The 'C' condensate pump motor failure: The condensate pump motors are Allis Chalmers VersaPac three-phase wye-wound vertical induction motors rated at 3500 hp, 1184 rpm, and 4000 volts.

Destructive examination performed by the vendor identified a causal factor for the failure as a winding failure in the 'C' condensate pump motor stator, along with the root cause of a voltage surge causing damage to the motor insulation. As described in Callaway LER 2008-008, following the 'C' condensate pump motor failure, the 'B' condensate pump motor failed on December 14, 2008, also due to a motor ground fault failure.

Voltage transients occur in most electrical systems and are usually caused by switching surges from breaker contactor switching. These surges often originate from normal switching actions within the plant and are less likely to occur from lightning strikes. Motors that run continuously have a higher probability of experiencing voltage surges caused by any type of electrical disturbance on the bus.

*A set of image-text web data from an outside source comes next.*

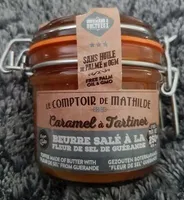Caramel à tartiner beurre salé à la fleur de sel de guérande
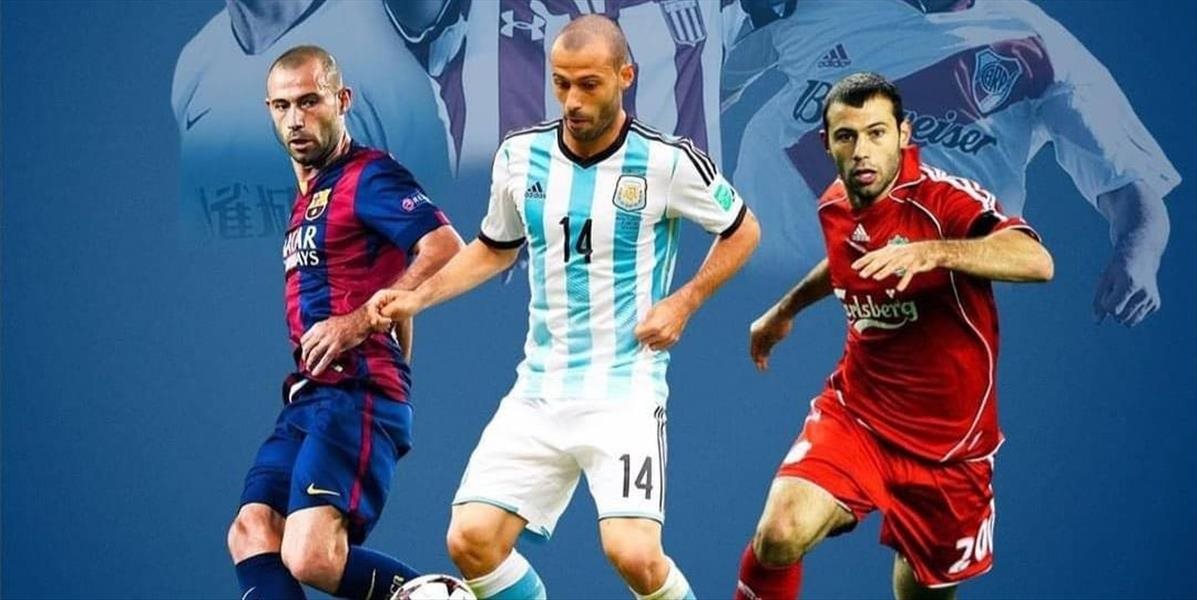 Mascherano zavesil kopačky na klinec, rešpekt mu vzdali viaceré legendy Barcelony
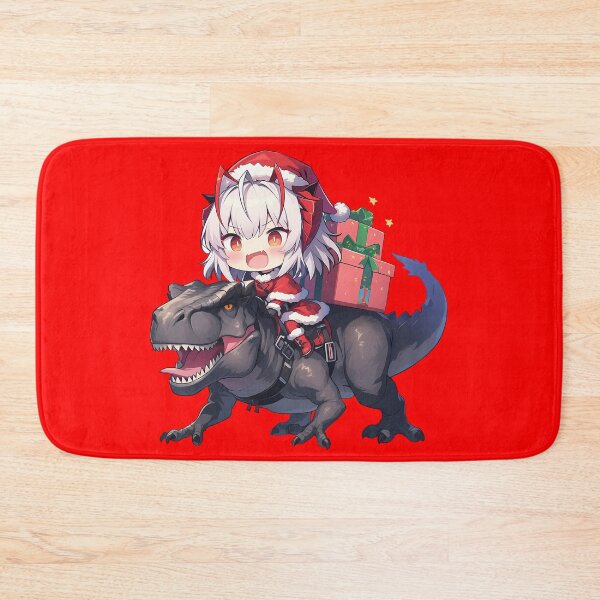 Item preview, W Christmas Dino Chaos From Arknights Prelude To Dawn Game designed and sold by TorbenKuhano.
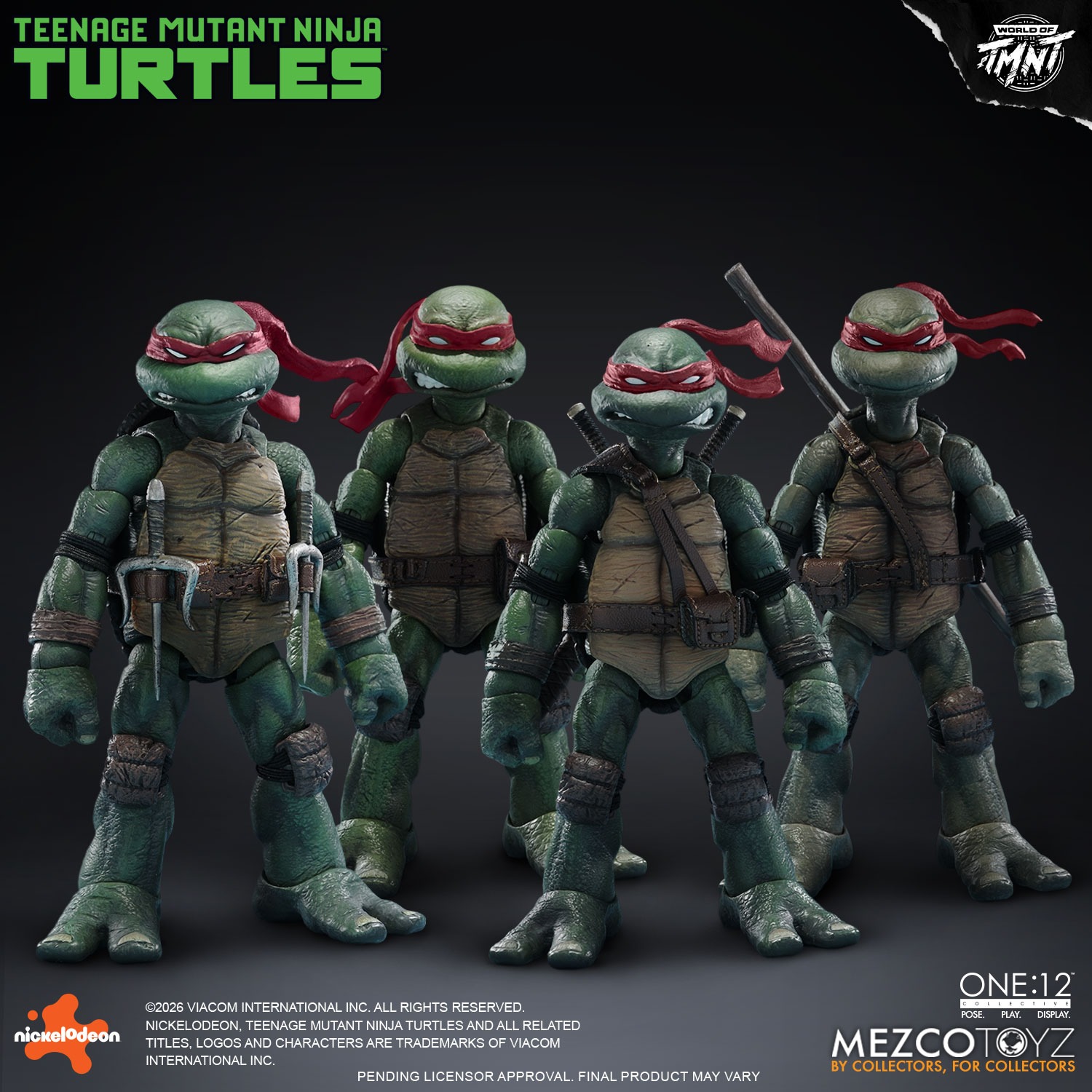 Teenage Mutant Ninja Turtles (Mirage) One:12 Collective Deluxe Boxed Set - Image 5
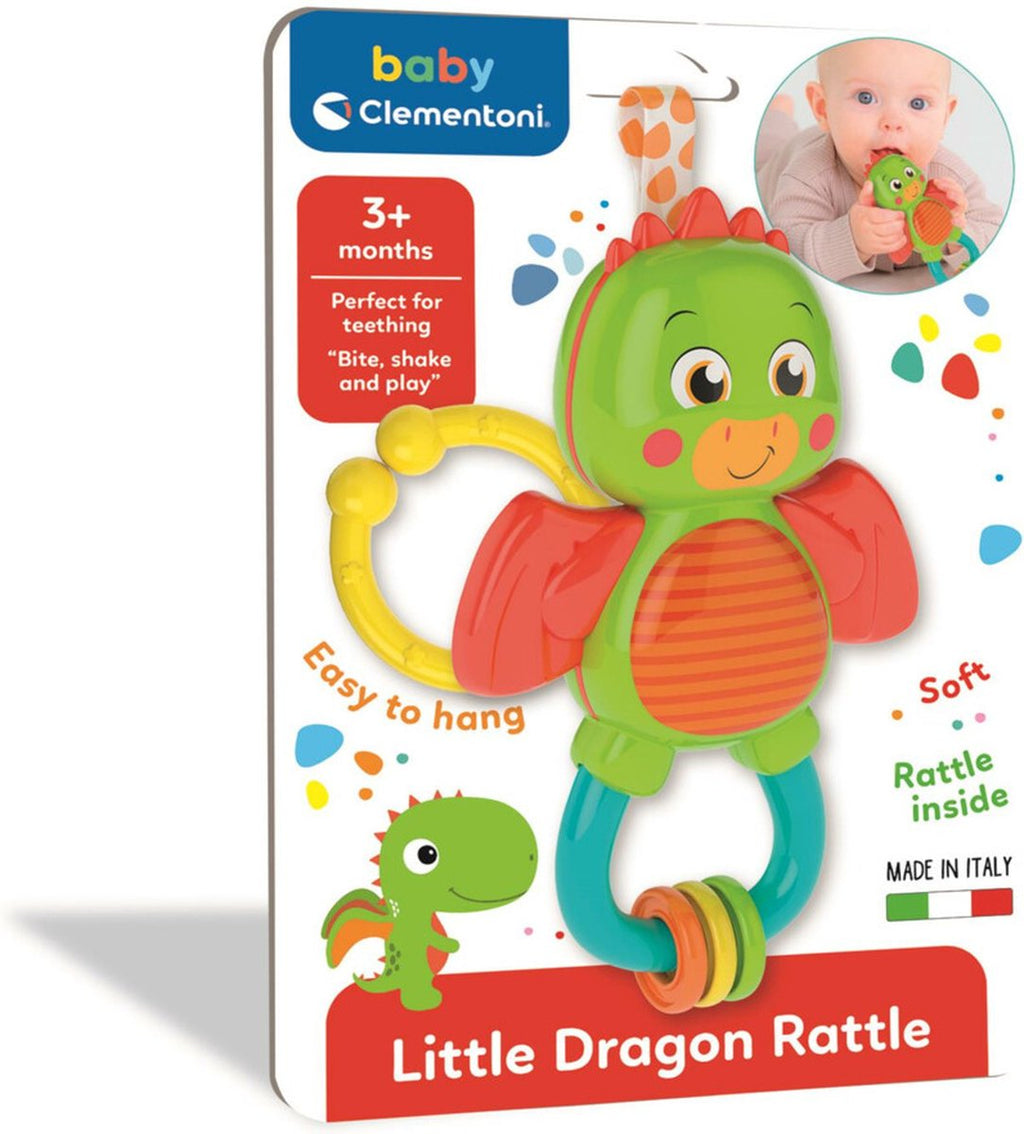 Clementoni-Baby-Rasseldrache
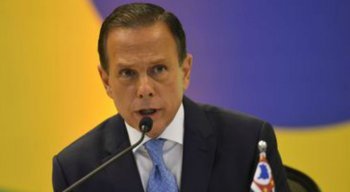 João Dória é o atual governador de São Paulo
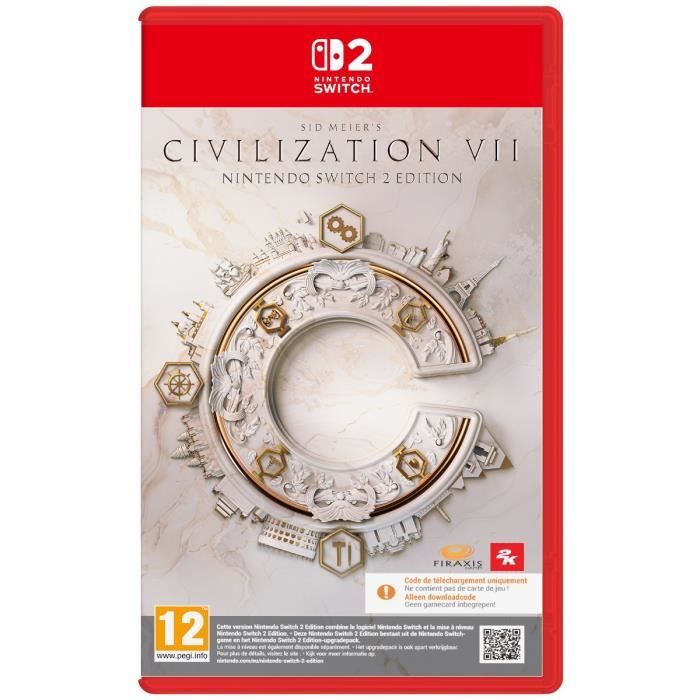 Sid Meier's Civilization VII - Nintendo Switch 2 Edition � Jeu Nintendo Switch 2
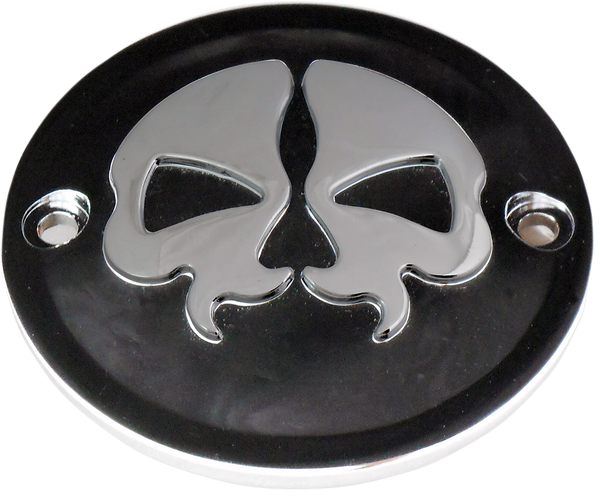 Split Skull Points Cover Black, 2, nordicamoto.ro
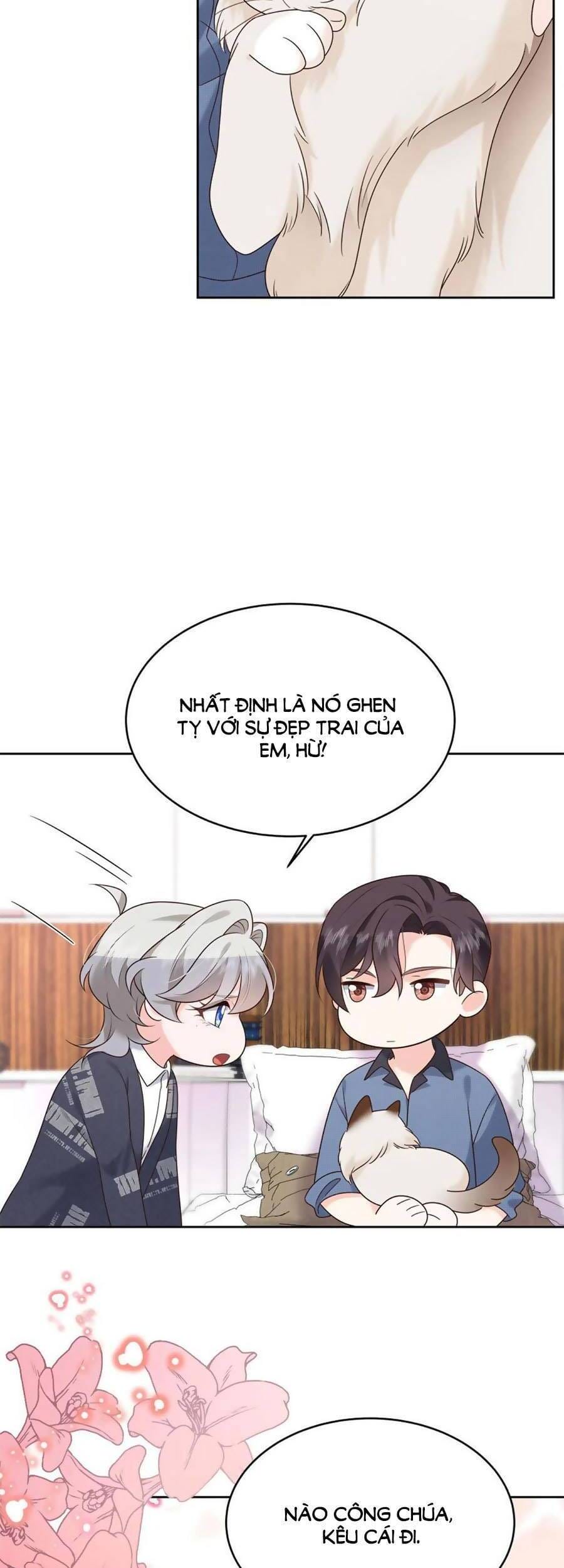 Truyện Tranh Nam Thần Quốc Dân Là Nữ - The National Hotboy Is A Girl trang 6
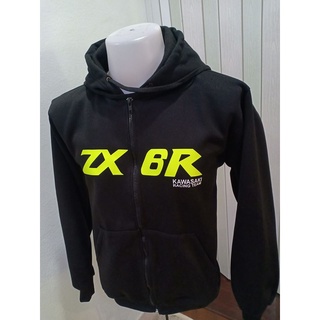 เสื้อฮู้ดการ์ด หนานุ่มใส่สบาย Kawasaki Ninja Zx6r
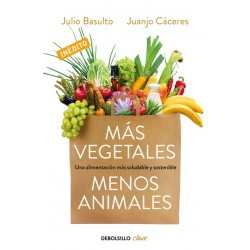 Más vegetales, menos animales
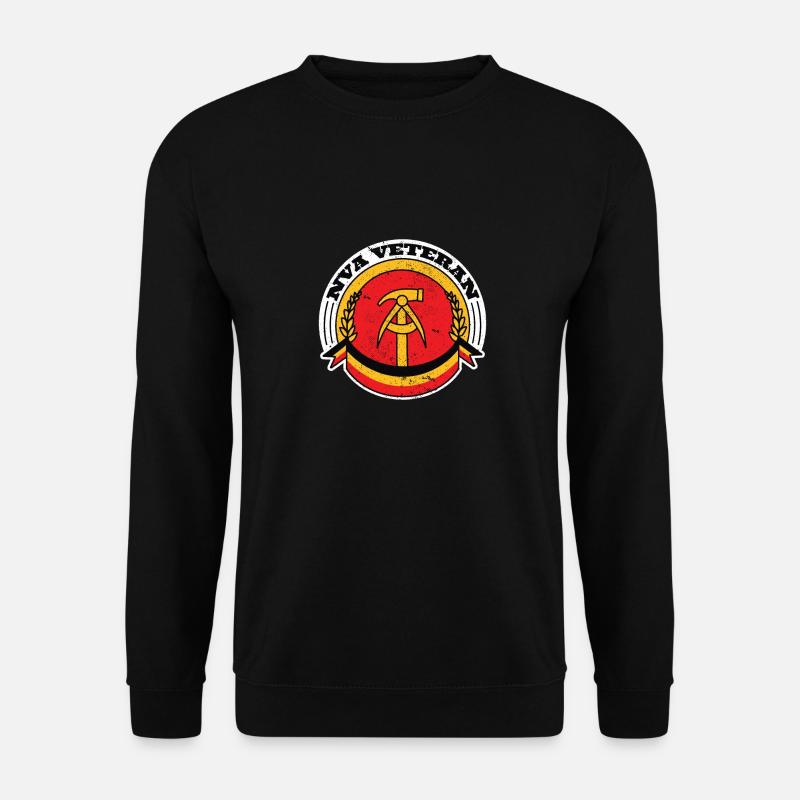 Nva Veteran - Unisex Pullover - Schwarz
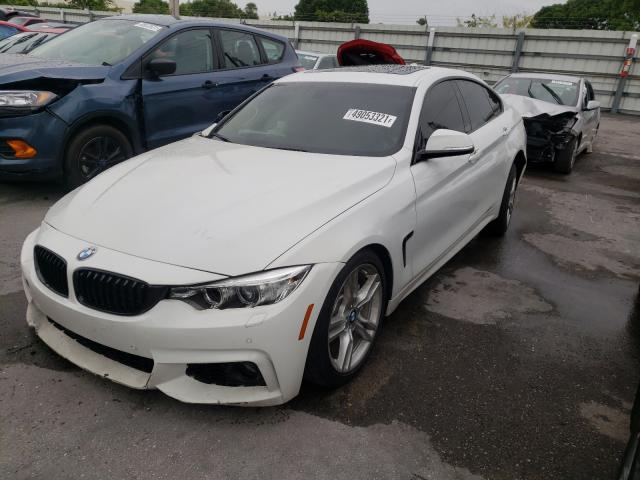 Photo 1 VIN: WBA4C9C55GG140077 - BMW 428 XI GRA 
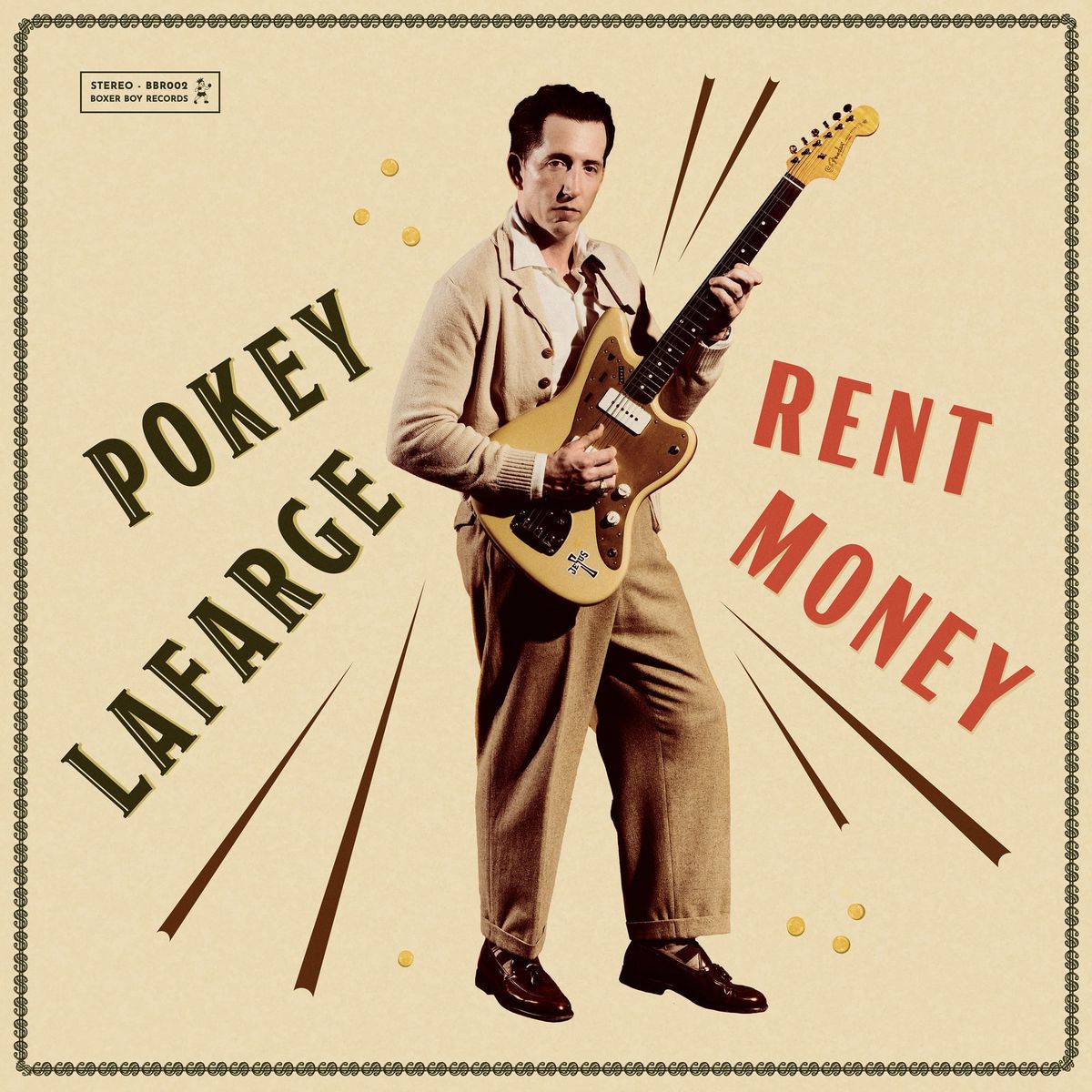 ALBUM REVIEW: With ‘Rent Money,’ Pokey LaFarge Ponies Up Another Familiar Classic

Fast rise time surges can cause severe voltage stress on the turn insulation due to the non-uniform distribution of voltage across the winding. Typically, the voltage becomes uniformly distributed across the turns for rise times that are longer than approximately 1 microsecond. Some equipment characteristics that may influence these effects include cable length, cable size, insulation condition, common bus electrical loads, and switching sequence. As such, it was identified that an additional causal factor is the close proximity (i.e., cable length —150 feet) from the supplying electrical bus to the motors, which makes them more susceptible to voltage surges than other motors on the same busses.

During the extent of condition investigation of the similar failures for the 'C' and 'B' condensate pump motors, the 'A' condensate pump motor was sent offsite to a vendor for testing. The 'A' condensate pump motor was determined to not have the same degradation as the 'C' and 'B' condensate pump motors.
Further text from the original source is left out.